Our timeline lock is our defence against a concurrent execbuf
interrupting our request construction. we need hold it throughout or,
for example, a second thread may interject a relocation request in
between our own relocation request and execution in the ring.
A second, major benefit, is that it allows us to preserve a large chunk
of the ringbuffer for our exclusive use; which should virtually
eliminate the threat of hitting a wait_for_space during request
construction -- although we should have already dropped other
contentious locks at that point.
Signed-off-by: Chris Wilson <chris@xxxxxxxxxxxxxxxxxx>
---
.../gpu/drm/i915/gem/i915_gem_execbuffer.c | 413 +++++++++++-------
.../i915/gem/selftests/i915_gem_execbuffer.c | 24 +-
2 files changed, 281 insertions(+), 156 deletions(-)

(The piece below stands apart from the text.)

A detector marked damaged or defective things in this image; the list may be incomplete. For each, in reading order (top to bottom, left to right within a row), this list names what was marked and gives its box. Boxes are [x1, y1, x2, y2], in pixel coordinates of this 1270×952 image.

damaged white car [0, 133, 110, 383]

diff --git a/drivers/gpu/drm/i915/gem/i915_gem_execbuffer.c
b/drivers/gpu/drm/i915/gem/i915_gem_execbuffer.c
index 719ba9fe3e85..af3499aafd22 100644
--- a/drivers/gpu/drm/i915/gem/i915_gem_execbuffer.c
+++ b/drivers/gpu/drm/i915/gem/i915_gem_execbuffer.c
@@ -259,6 +259,8 @@ struct i915_execbuffer {
bool has_fence : 1;
bool needs_unfenced : 1;
+ struct intel_context *ce;
+
struct i915_vma *target;
struct i915_request *rq;
struct i915_vma *rq_vma;
@@ -639,6 +641,35 @@ static int eb_reserve_vma(const struct
i915_execbuffer *eb,
return 0;
}
+static void retire_requests(struct intel_timeline *tl)
+{
+ struct i915_request *rq, *rn;
+
+ list_for_each_entry_safe(rq, rn, &tl->requests, link)

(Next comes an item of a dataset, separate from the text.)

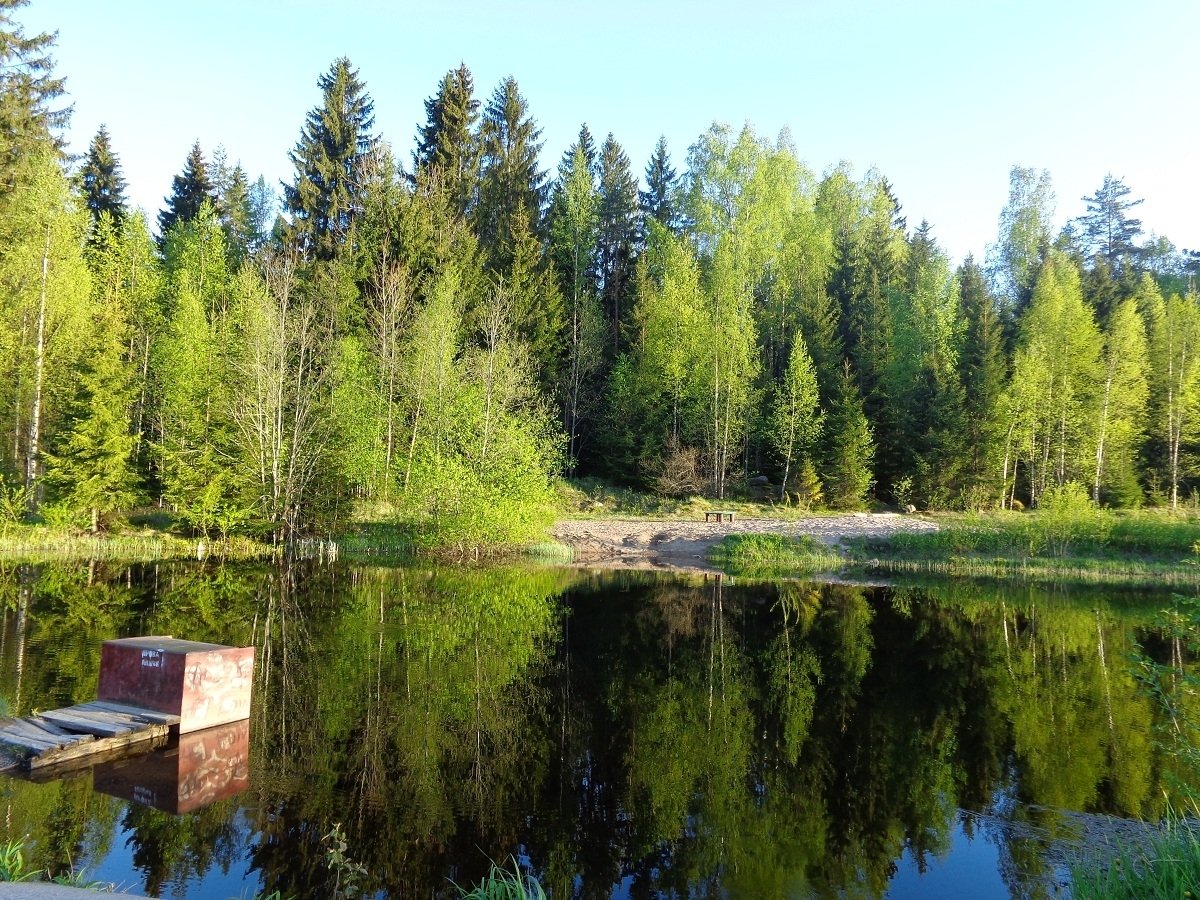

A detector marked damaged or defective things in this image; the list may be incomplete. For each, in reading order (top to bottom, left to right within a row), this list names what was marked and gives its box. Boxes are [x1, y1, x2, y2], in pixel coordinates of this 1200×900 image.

reflection of rusty box [99, 638, 255, 734]
rusty metal box [99, 638, 255, 734]
reflection of rusty box [94, 720, 252, 816]
rusty metal box [94, 720, 253, 816]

+ if (!i915_request_retire(rq))
+ break;
+}
+
+static int wait_for_timeline(struct intel_timeline *tl)
+{
+ do {
+ struct dma_fence *fence;
+ int err;
+
+ fence = i915_active_fence_get(&tl->last_request);
+ if (!fence)
+ return 0;
+
+ err = dma_fence_wait(fence, true);
+ dma_fence_put(fence);
+ if (err)
+ return err;
+
+ /* Retiring may trigger a barrier, requiring an extra pass */
+ retire_requests(tl);
+ } while (1);
+}
+
static int eb_reserve(struct i915_execbuffer *eb)
{
const unsigned int count = eb->buffer_count;
@@ -646,7 +677,6 @@ static int eb_reserve(struct i915_execbuffer *eb)
struct list_head last;
struct eb_vma *ev;
unsigned int i, pass;
- int err = 0;
/*
* Attempt to pin all of the buffers into the GTT.
@@ -662,18 +692,37 @@ static int eb_reserve(struct i915_execbuffer *eb)

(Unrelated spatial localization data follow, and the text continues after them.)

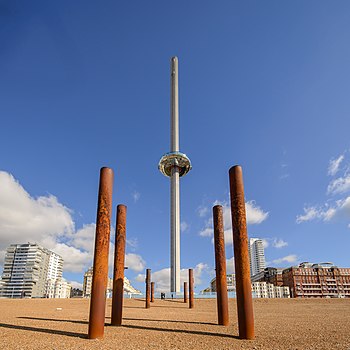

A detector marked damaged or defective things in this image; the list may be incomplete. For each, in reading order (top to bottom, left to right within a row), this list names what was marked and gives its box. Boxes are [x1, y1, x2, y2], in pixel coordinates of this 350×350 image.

rusty steel pillar [88, 167, 114, 340]
rusty steel pillar [213, 204, 230, 326]
rusty steel pillar [230, 165, 254, 340] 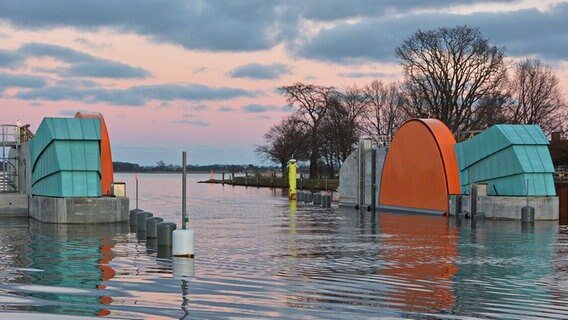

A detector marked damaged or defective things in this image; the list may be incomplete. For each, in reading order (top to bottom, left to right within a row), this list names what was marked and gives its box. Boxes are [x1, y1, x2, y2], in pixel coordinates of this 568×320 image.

rusty orange panel [76, 112, 114, 195]
rusty orange panel [378, 119, 462, 214] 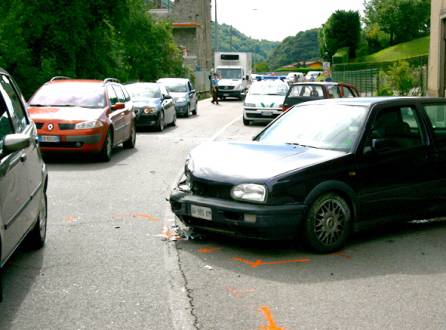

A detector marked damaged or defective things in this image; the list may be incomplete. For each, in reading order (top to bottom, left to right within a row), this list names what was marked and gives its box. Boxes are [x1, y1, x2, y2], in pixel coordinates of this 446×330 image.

crumpled front bumper [169, 188, 308, 240]
damaged black car [169, 98, 446, 253] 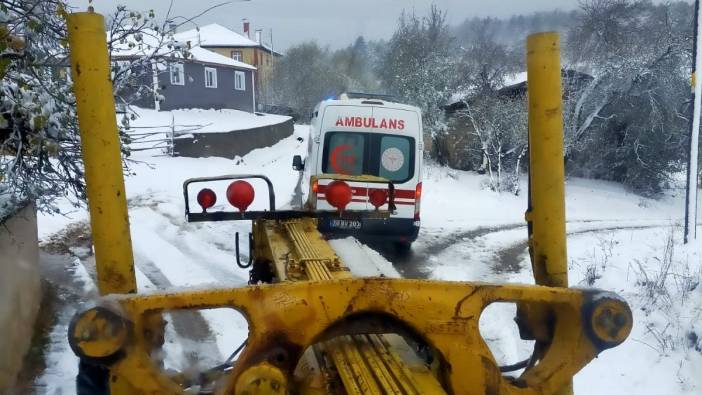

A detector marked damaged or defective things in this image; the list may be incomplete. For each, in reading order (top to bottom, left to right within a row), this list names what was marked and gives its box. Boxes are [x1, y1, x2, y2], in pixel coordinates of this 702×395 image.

rusty yellow machinery [67, 9, 640, 395] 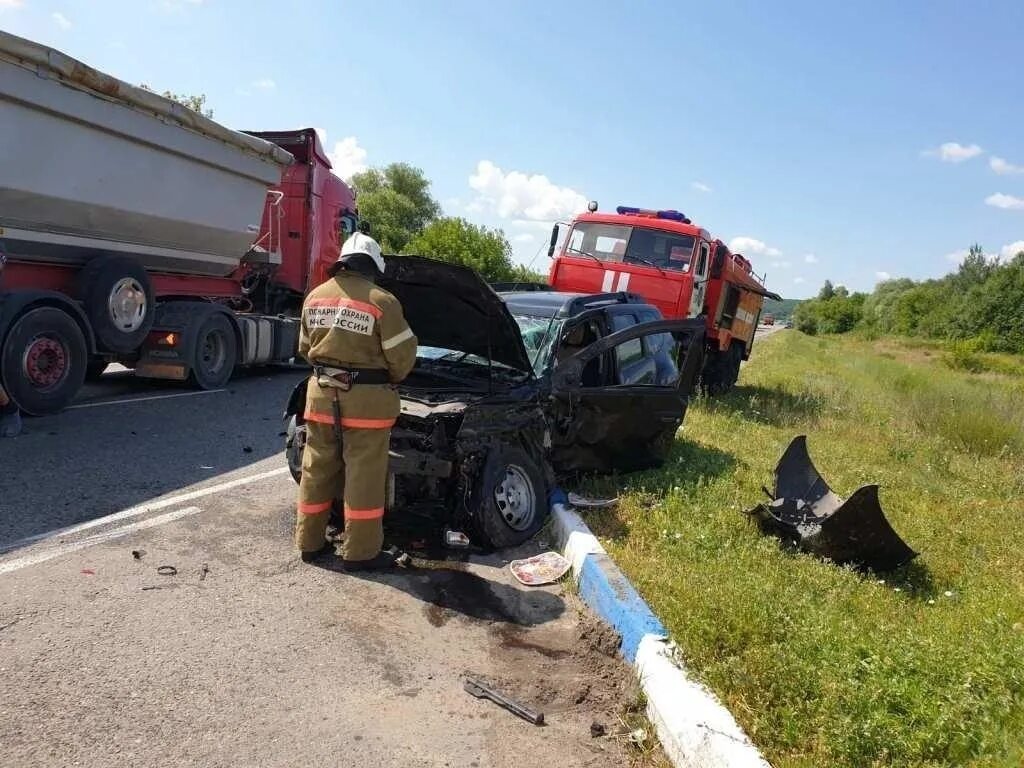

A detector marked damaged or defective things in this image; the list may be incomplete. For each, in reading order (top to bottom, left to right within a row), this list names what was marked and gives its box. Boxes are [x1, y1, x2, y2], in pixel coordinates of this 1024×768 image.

broken windshield [565, 222, 700, 274]
wrecked black car [286, 256, 704, 548]
shattered side window [516, 315, 565, 376]
damaged car door [548, 313, 708, 473] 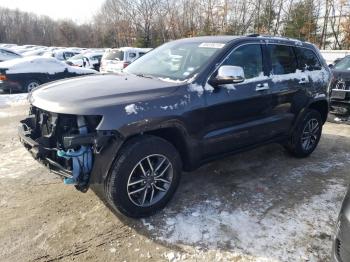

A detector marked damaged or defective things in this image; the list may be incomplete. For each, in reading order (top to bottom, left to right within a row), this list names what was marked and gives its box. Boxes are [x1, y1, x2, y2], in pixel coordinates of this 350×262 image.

damaged jeep grand cherokee [18, 35, 330, 218] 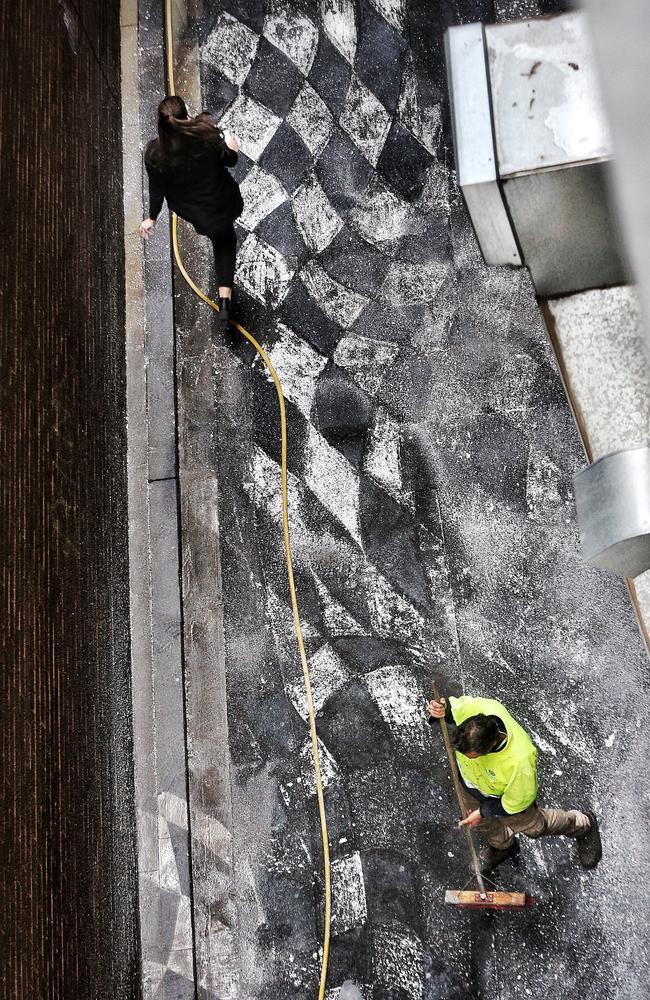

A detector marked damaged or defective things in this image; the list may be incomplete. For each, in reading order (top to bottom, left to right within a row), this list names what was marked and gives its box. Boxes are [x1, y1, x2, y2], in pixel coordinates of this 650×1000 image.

rusted metal surface [0, 3, 138, 996]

* room for the earlier objects *unless* we need to defragment.
*/
- if (mutex_lock_interruptible(&eb->i915->drm.struct_mutex))
- return -EINTR;
-
pass = 0;
do {
+ int err = 0;
+
+ /*
+ * We need to hold one lock as we bind all the vma so that
+ * we have a consistent view of the entire vm and can plan
+ * evictions to fill the whole GTT. If we allow a second
+ * thread to run as we do this, it will either unbind
+ * everything we want pinned, or steal space that we need for
+ * ourselves. The closer we are to a full GTT, the more likely
+ * such contention will cause us to fail to bind the workload
+ * for this batch. Since we know at this point we need to
+ * find space for new buffers, we know that extra pressure
+ * from contention is likely.
+ *
+ * In lieu of being able to hold vm->mutex for the entire
+ * sequence (it's complicated!), we opt for struct_mutex.
+ */
+ if (mutex_lock_interruptible(&eb->i915->drm.struct_mutex))
+ return -EINTR;
+